軽い、安い、劣化しない、どんな形のものも作れるという性質から、さまざまな道具や容器、家具などの材料が、それまでの木、ガラス、陶器、金属などから、プラスチックに替わりました。
その転換が起こったのは、石油がエネルギーの主力となった1960年代とほぼ重なります。
プラスチックは、一方で、熱に弱い、破損しやすい、安っぽい、使い捨てを助長し、ゴミの増大と処理を難しくするという欠点も指摘されています。
一口にプラスチックといっても、次のようなさまざまなものがあり、それぞれ化学式や性質が異なります。
◇プラスチックの種類
ポリエチレン、ポリプロピレン、ポリエチレンテレフタレト(PET)、ポリスチレン、ABS樹脂、ポリカーボネート、フェノール樹脂、メラミン樹脂、ユリア樹脂、ポリウレタン、ポリ塩化ビニル、ポリ塩化ビニリデンなど
便利に使われているプラスチックですが、その性質をよく見ると、常識的な理解とはかなり異なることが分かります。
安定しているといいましたが、それは一面にすぎなくて、ひじょうに不安定な物質ということもできます。
ポリマーだけでは、長持ちしません。そのために、安定して形を維持するために、多種類の添加剤の助けが必要です。

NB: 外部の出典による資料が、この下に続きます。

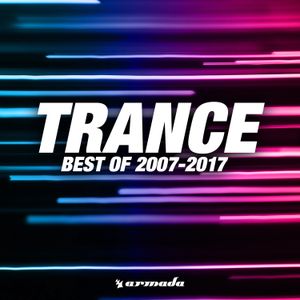 Trance: Best of 2007–2017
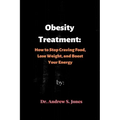 Obesity Treatment: How to Stop Craving Food, Lose Weight, and Boost Your Energy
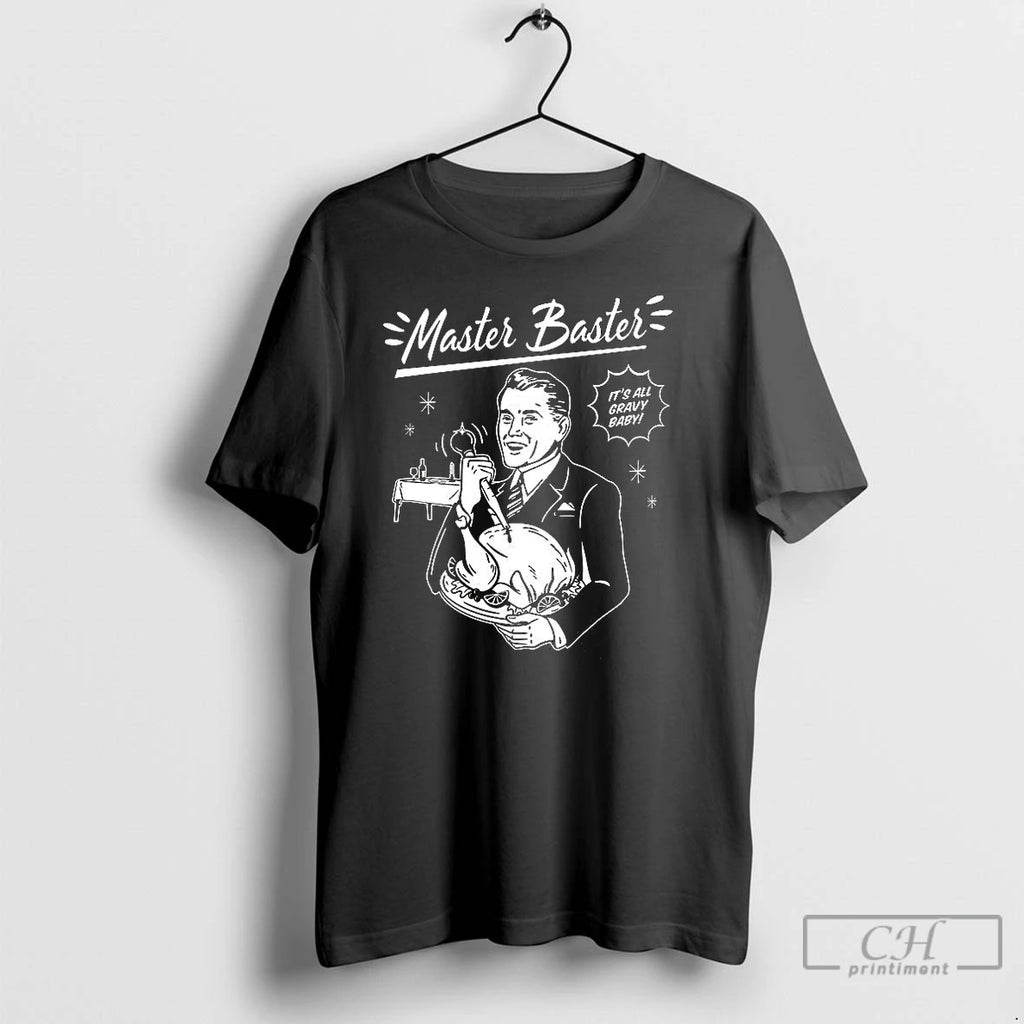 Premium Master Baster Its All Gravy Baby Turkey T Shirts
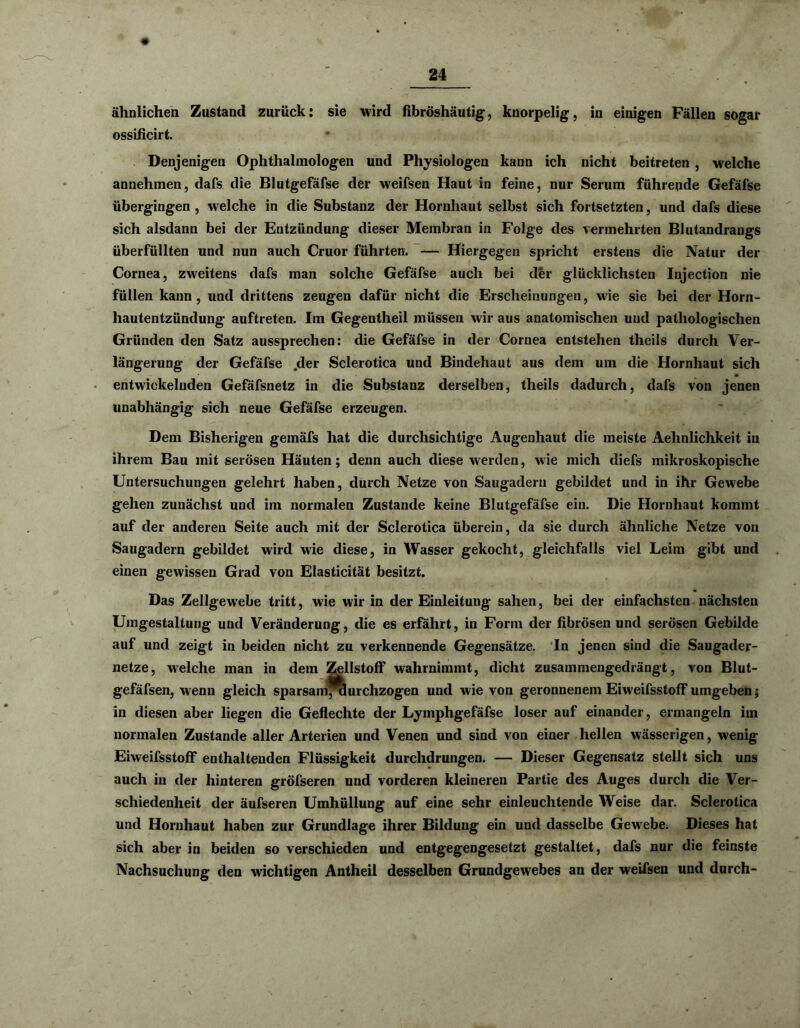 ähnlichen Zustand zurück: sie wird fibröshäutig, knorpelig, in einigen Fällen sogar ossificirt. Denjenigen Ophthalmologen und Physiologen kann ich nicht beitreten , welche annehmen, dafs die Blutgefäfse der weifsen Haut in feine, nur Serum führende Gefäfse übergingen, welche in die Substanz der Hornhaut selbst sich fortsetzten, und dafs diese sich alsdann bei der Entzündung dieser Membran in Folge des vermehrten Blutandrangs überfüllten und nun auch Cruor führten. — Hiergegen spricht erstens die Natur der Cornea, zweitens dafs man solche Gefäfse auch bei der glücklichsten Injection nie füllen kann, und drittens zeugen dafür nicht die Erscheinungen, wie sie bei der Horn- hautentzündung auftreten. Im Gegentheil müssen wir aus anatomischen und pathologischen Gründen den Satz aussprechen: die Gefäfse in der Cornea entstehen theils durch Ver- längerung der Gefäfse der Sclerotica und Bindehaut aus dem um die Hornhaut sich entwickelnden Gefäfsnetz in die Substanz derselben, theils dadurch, dafs von jenen unabhängig sich neue Gefäfse erzeugen. Dem Bisherigen gemäfs hat die durchsichtige Augenhaut die meiste Aehnlichkeit in ihrem Bau mit serösen Häuten; denn auch diese werden, wie mich diefs mikroskopische Untersuchungen gelehrt haben, durch Netze von Saugaderu gebildet und in ihr Gewebe gehen zunächst und im normalen Zustande keine Blutgefäfse ein. Die Hornhaut kommt auf der anderen Seite auch mit der Sclerotica überein, da sie durch ähnliche Netze von Saugadern gebildet wird wie diese, in Wasser gekocht, gleichfalls viel Leim gibt und einen gewissen Grad von Elasticität besitzt. Das Zellgewebe tritt, wie wir in der Einleitung sahen, bei der einfachsten nächsten Umgestaltung und Veränderung, die es erfährt, in Form der fibrösen und serösen Gebilde auf und zeigt in beiden nicht zu verkennende Gegensätze. In jenen sind die Saugader- netze, welche man in dem Zellstoff wahrnimmt, dicht zusammengedrängt, von Blut- gefäfsen, wenn gleich sparsamTaurchzogen und wie von geronnenem Eiweifsstoff umgeben; in diesen aber liegen die Geflechte der Lymphgefäfse loser auf einander, ermangeln im normalen Zustande aller Arterien und Venen und sind von einer hellen wässerigen, wenig Eiweifsstoff enthaltenden Flüssigkeit durchdrungen. — Dieser Gegensatz stellt sich uns auch in der hinteren gröfseren und vorderen kleineren Partie des Auges durch die Ver- schiedenheit der äufseren Umhüllung auf eine sehr einleuchtende Weise dar. Sclerotica und Hornhaut haben zur Grundlage ihrer Bildung ein und dasselbe Gewebe. Dieses hat sich aber in beiden so verschieden und entgegengesetzt gestaltet, dafs nur die feinste Nachsuchung den wichtigen Antheil desselben Grundgewebes an der weifsen und durch-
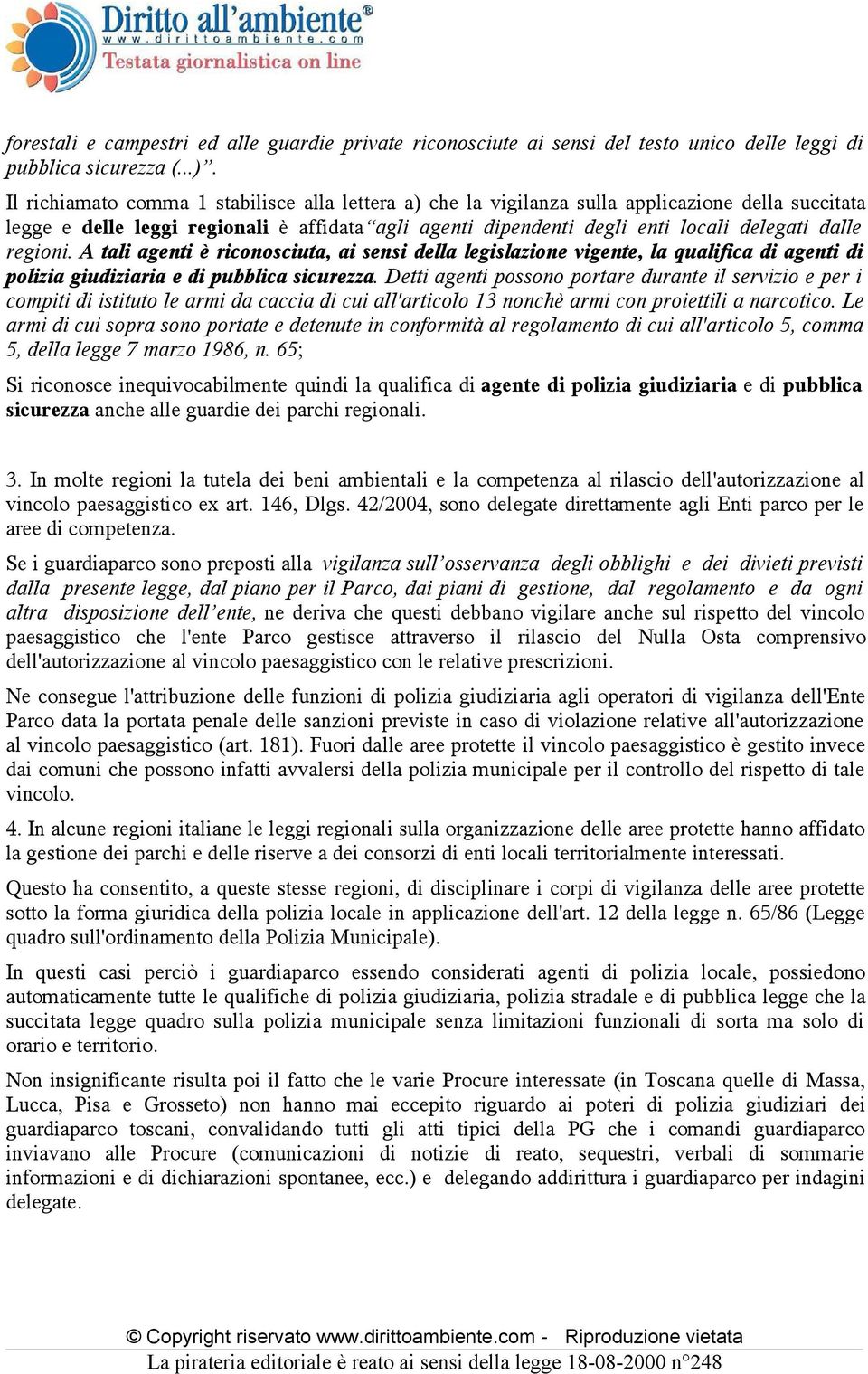 regioni. A tali agenti è riconosciuta, ai sensi della legislazione vigente, la qualifica di agenti di polizia giudiziaria e di pubblica sicurezza.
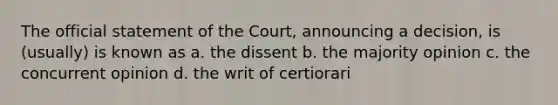 The official statement of the Court, announcing a decision, is (usually) is known as a. the dissent b. the majority opinion c. the concurrent opinion d. the writ of certiorari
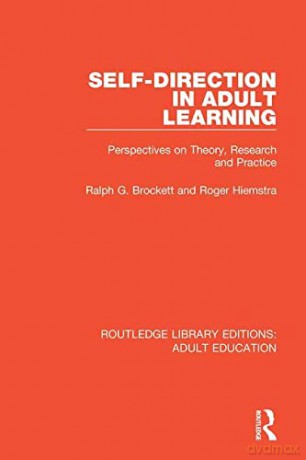 Self-Direction in Adult Learning: Perspectives on Theory, Research, and Practice (Routledge Library Editions: Adult Education) - Ralph G. Brockett [KSIĄŻKA]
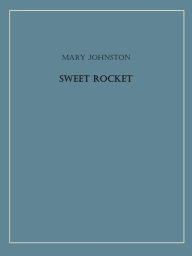 Title: Sweet Rocket, Author: Mary Johnston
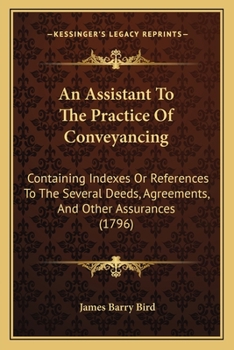 Paperback An Assistant To The Practice Of Conveyancing: Containing Indexes Or References To The Several Deeds, Agreements, And Other Assurances (1796) Book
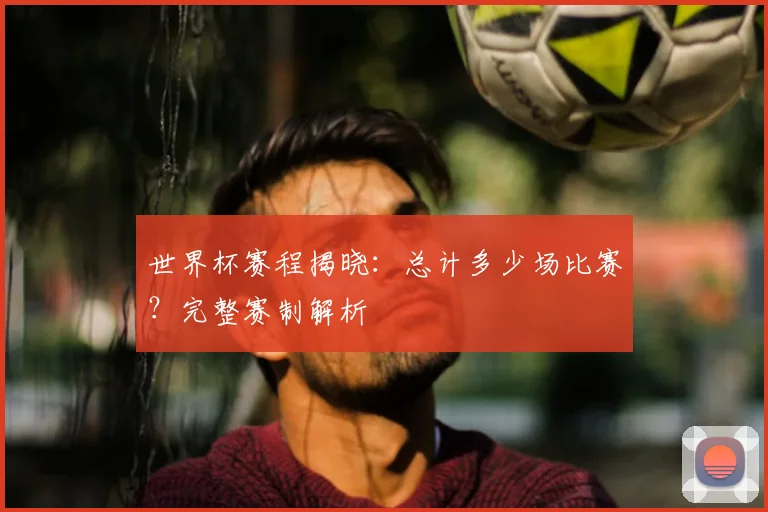 世界杯赛程揭晓:总计多少场比赛?完整赛制解析
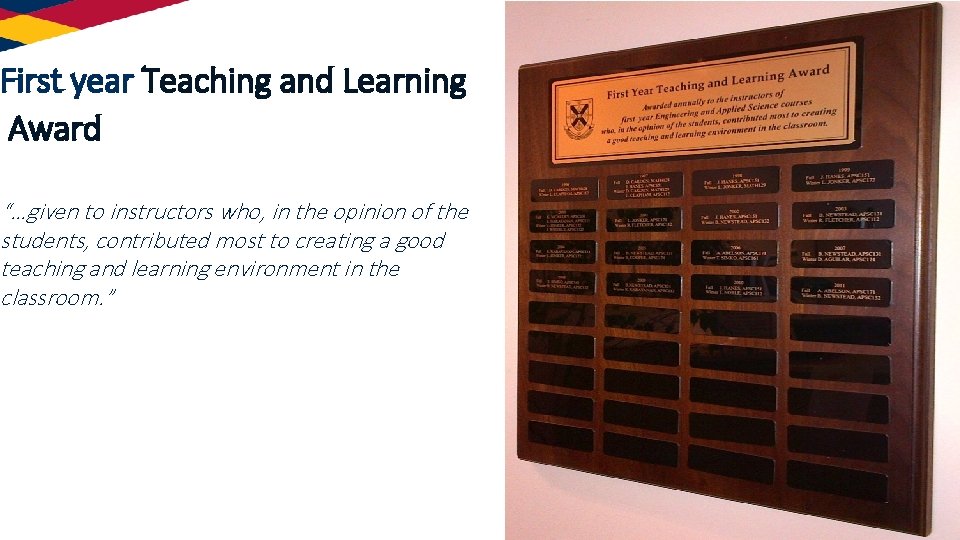 First year Teaching and Learning Award “…given to instructors who, in the opinion of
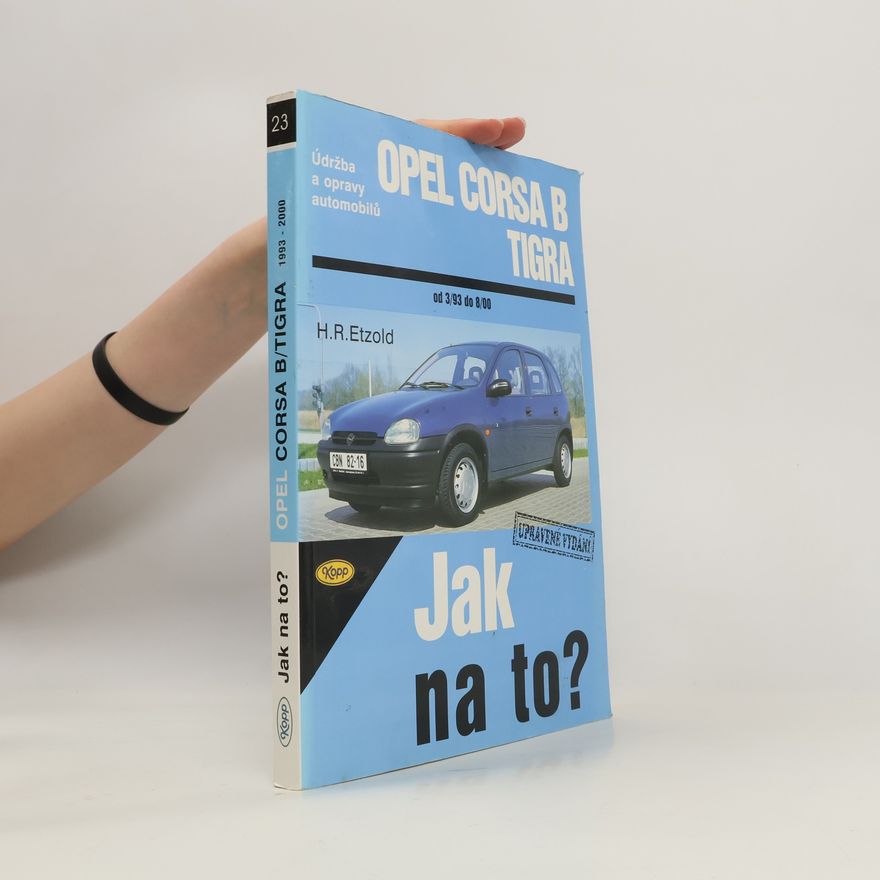 H. R. Etzold Jak na to? Opel Corsa B Tigra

プラスチックのもととなるモノマーの多くは有害性があります。
ポリマーになっても、モノマーの一部が残っています。
このモノマーや添加剤は少しずつ製品の外に溶け出していきます。
食べ物に容器のプラスチックの味が移ったりするのはそのためです。
さらに熱や力が加わることでいろいろな物質が揮発します。
添加物の助けを借りてもプラスチックはやがて劣化します。
ボロボロになるものもありますが、そのときでも、もとになるポリマーは安定していて崩れません。
劣化はするけれど、完全に分解することはありません。
細菌に犯されて劣化する場合もあるし、表面が電気を帯びるので汚れがこびりつきやすいという欠点もあります。
◇添加剤の種類
可塑剤、安定剤、帯電防止剤、難燃剤、酸化防止剤、紫外線吸収剤、滑剤など
プラスチックはポリマーと添加剤の複合物です。ですから、プラスチックの有害性というとき、添加剤もふくめて見なければなりません。
添加剤としては、フタル酸エステルや、難燃剤の有害性が問題になっています。
塩化ビニルのように、種類によっては製品の半分以上が添加剤という製品もあります。
環境中で完全に分解するという生分解性プラスチックというものが開発されましたが、価格も高く生産量はごくわずかです。
私たちとしては、別の材質のものを選んで、プラスチックをできる限り使わない、とくに使い捨て用途では使わない、有害性の高い塩化ビニルなどを避け、使うのであれば、構造が比較的単純なポリエチレン、ポリプロピレンのものを選ぶ、といったことに心がけましょう。